### TASK PROMPT
From the line that contains "Skeleton Soldier Couldn’t" down to the last line of the entries, please return everything exactly, except the pictures.
##### RECORD EXTRACTS
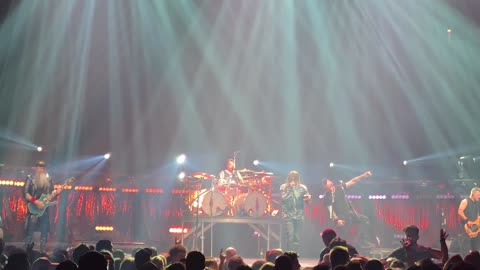 Three Days Grace- Just Like You, Canadian Tire Centre 22_06_25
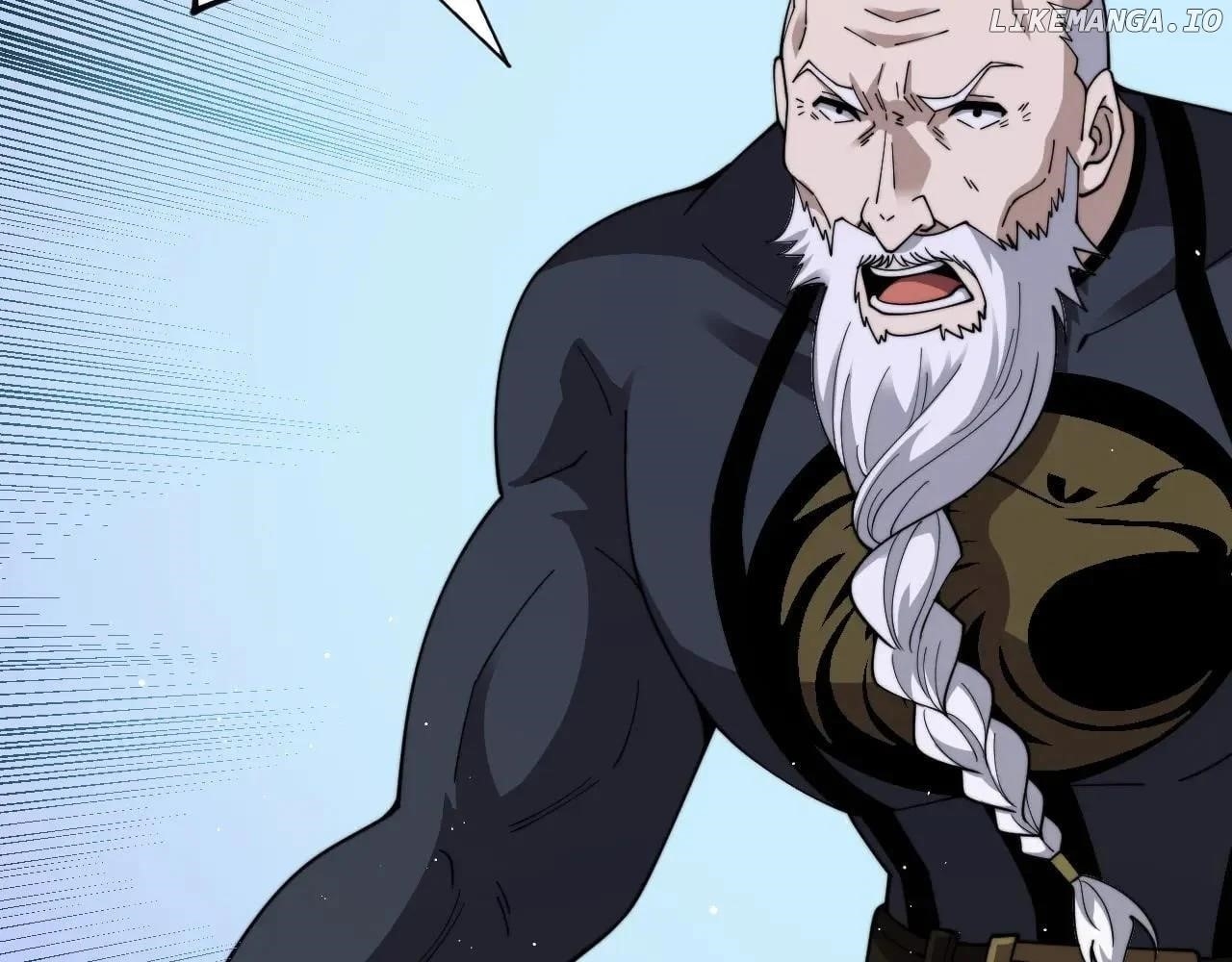 Maxed Strength Stats Necromancer Chapter 106 - Page 2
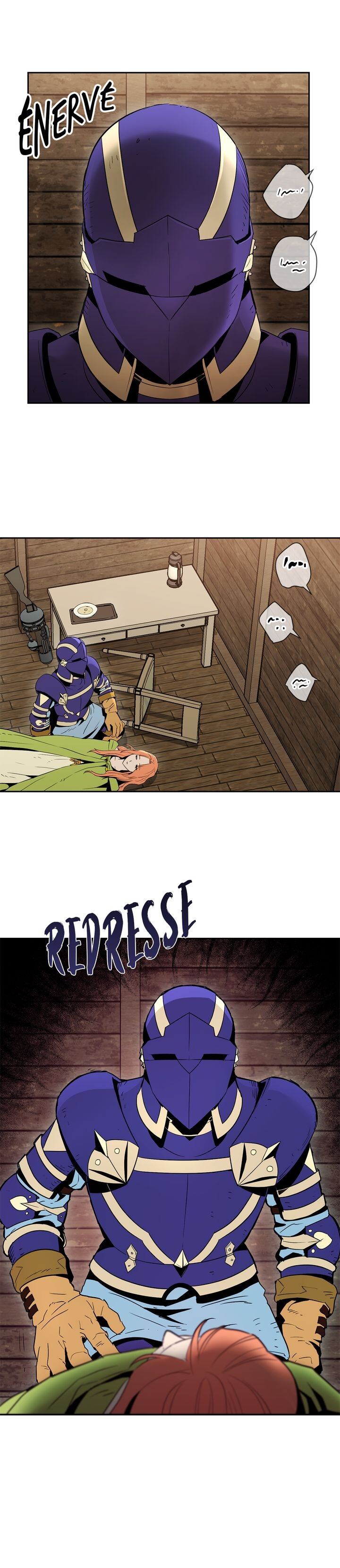 Skeleton Soldier Couldn’t Protect the Dungeon Chapitre 93 - Page 3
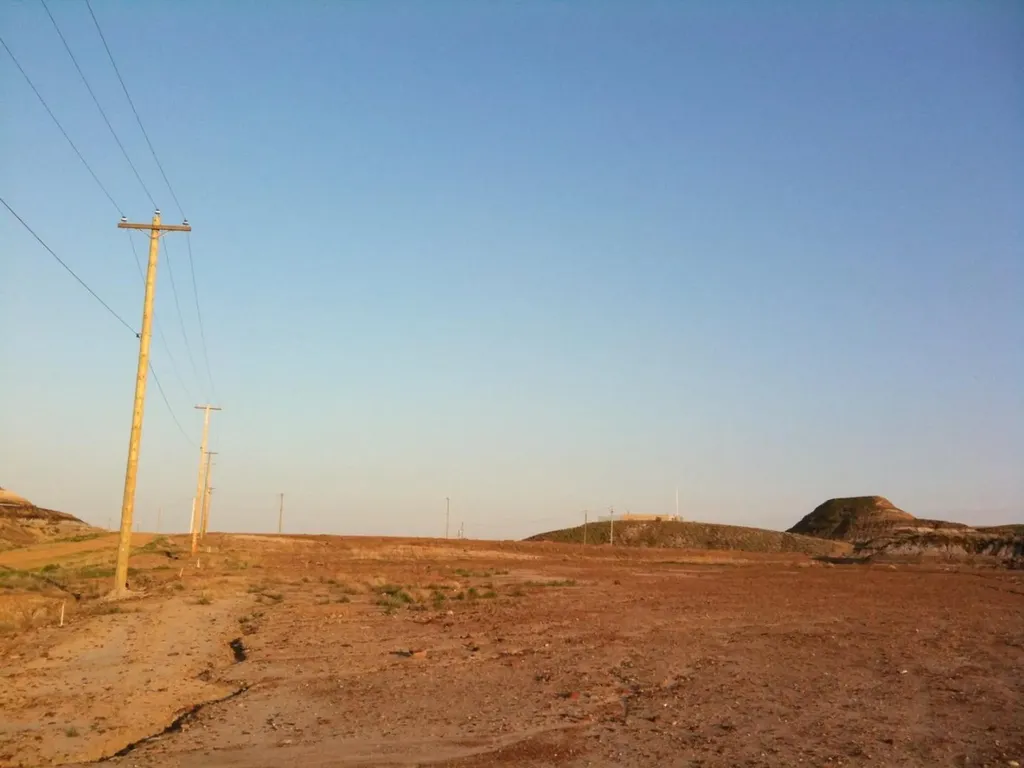 Lot 3 390 1 Street North Road Drumheller AB T0J 0Y0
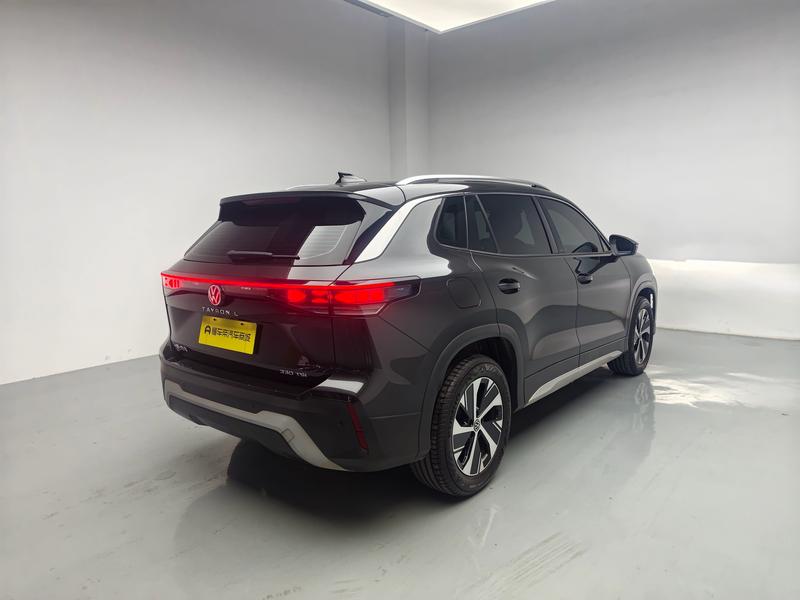 Volkswagen Tayron 2025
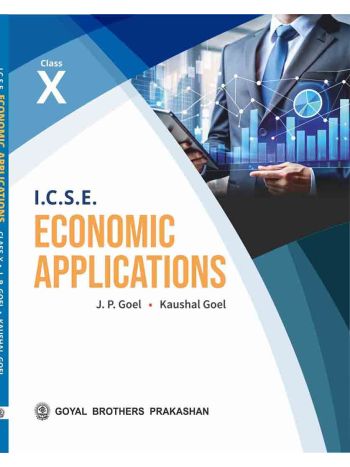 ICSE Economics Applications Class 10 -2025-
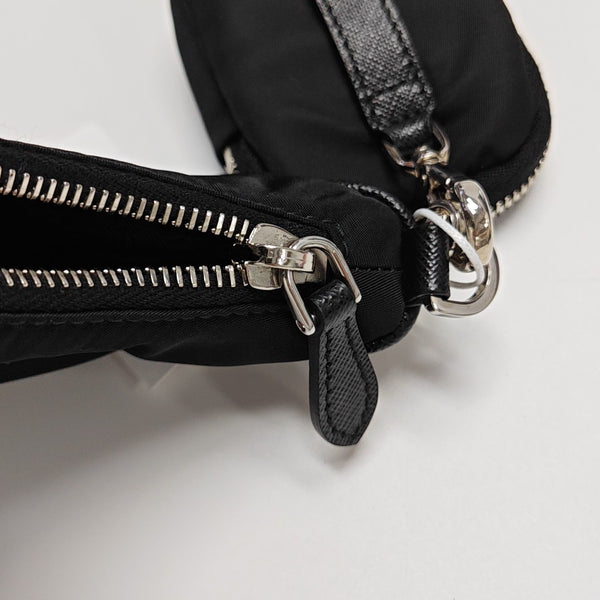 Re-Edition2005 Nylon Black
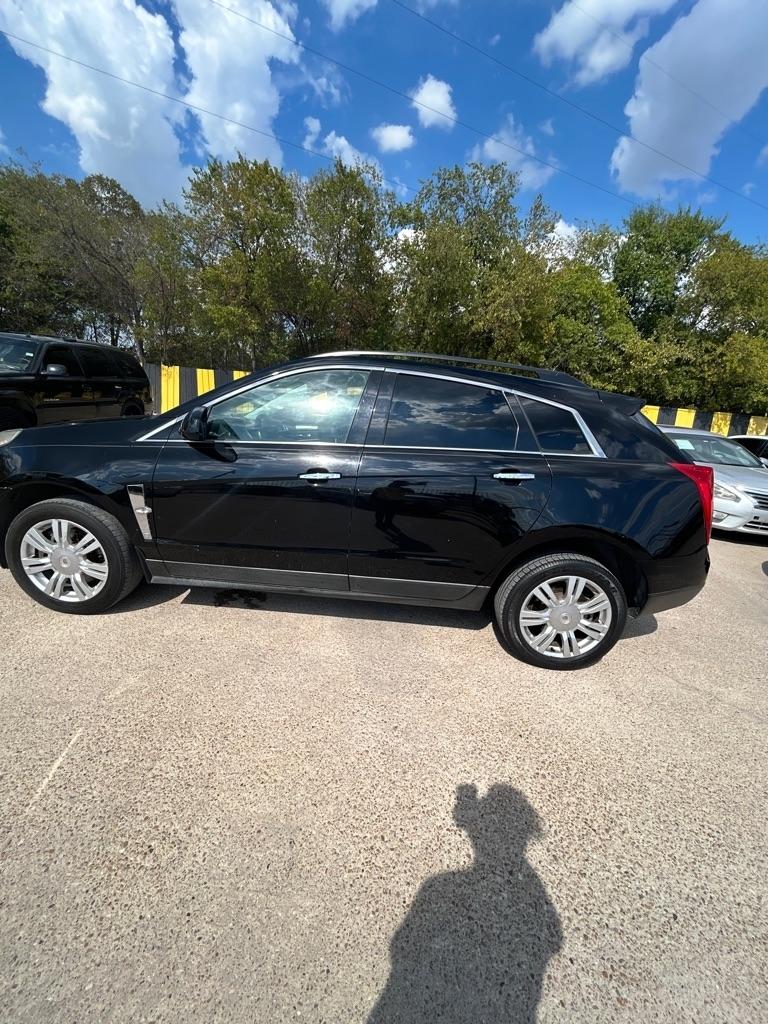 Cadillac SRX  2012
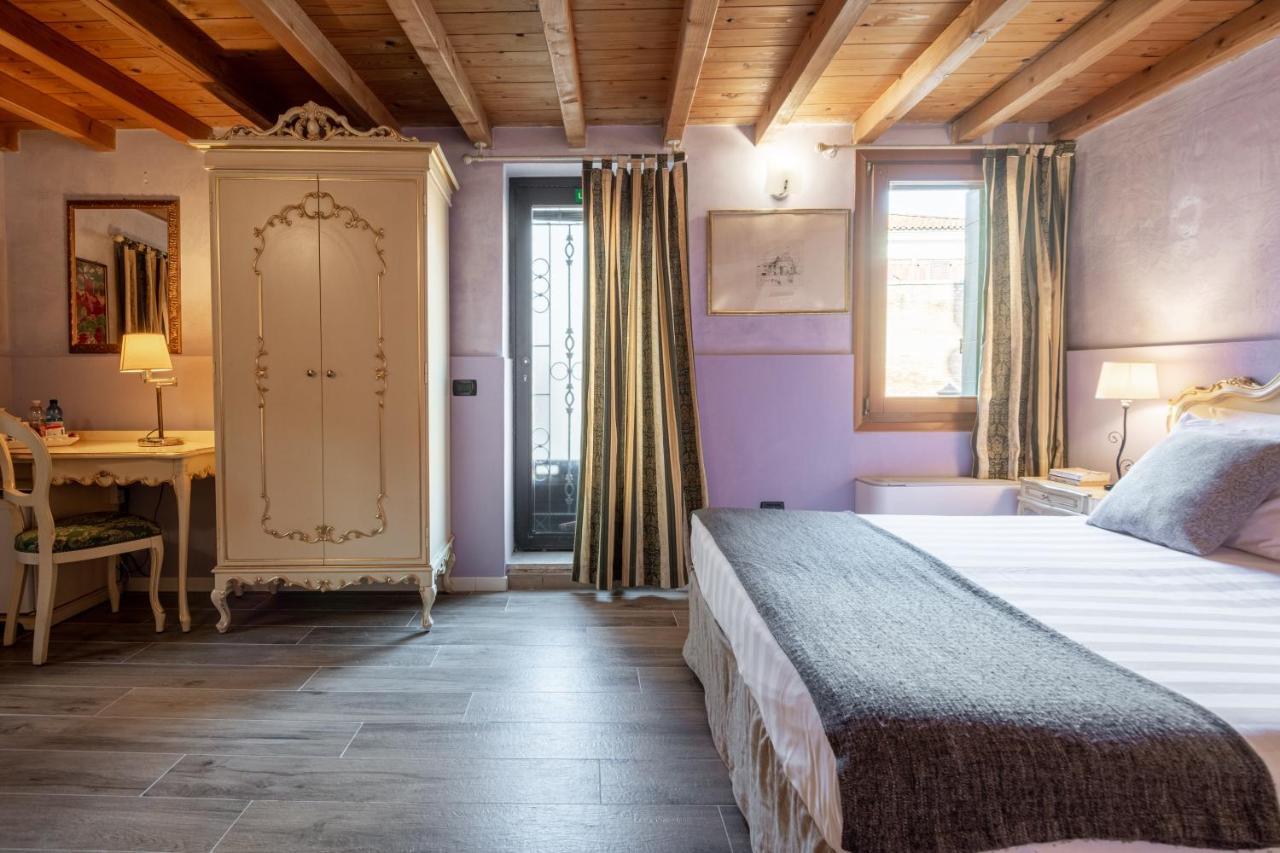 Ca' Fontanea Bed and Breakfast Venedig Eksteriør billede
##########
### WRITTEN REPLY
 Skeleton Soldier Couldn’t Protect the Dungeon Chapitre 93 - Page 3
 Lot 3 390 1 Street North Road Drumheller AB T0J 0Y0
 Volkswagen Tayron 2025
 ICSE Economics Applications Class 10 -2025-
 Re-Edition2005 Nylon Black
 Cadillac SRX  2012
 Ca' Fontanea Bed and Breakfast Venedig Eksteriør billede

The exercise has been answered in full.